■ YOUR INSTRUCTIONS
Word for word, print each line of the listing below; pictures stay out.

■ DATA BELOW
- Opening Delimiter -

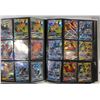 Image 1 : BINDER OF 18 POKEMON CARDS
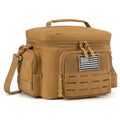 Thermal Cooler Bag Meal Camping Picnic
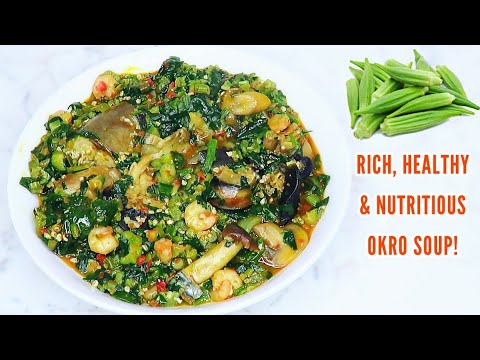 download lagu mp3 mp4 How To Cook Okro, download lagu How To Cook Okro gratis, unduh video klip How To Cook Okro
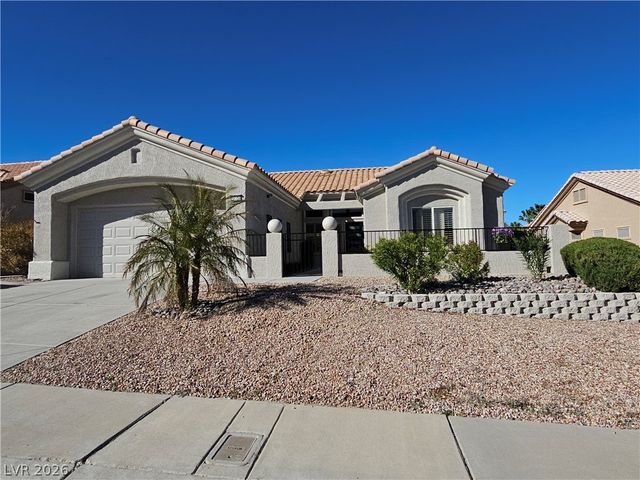 10724 Argents Hill Drive, Las Vegas, NV 89134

- Closing Delimiter -

■ TASK SOLUTION
 Image 1 : BINDER OF 18 POKEMON CARDS
 Thermal Cooler Bag Meal Camping Picnic
 download lagu mp3 mp4 How To Cook Okro, download lagu How To Cook Okro gratis, unduh video klip How To Cook Okro
 10724 Argents Hill Drive, Las Vegas, NV 89134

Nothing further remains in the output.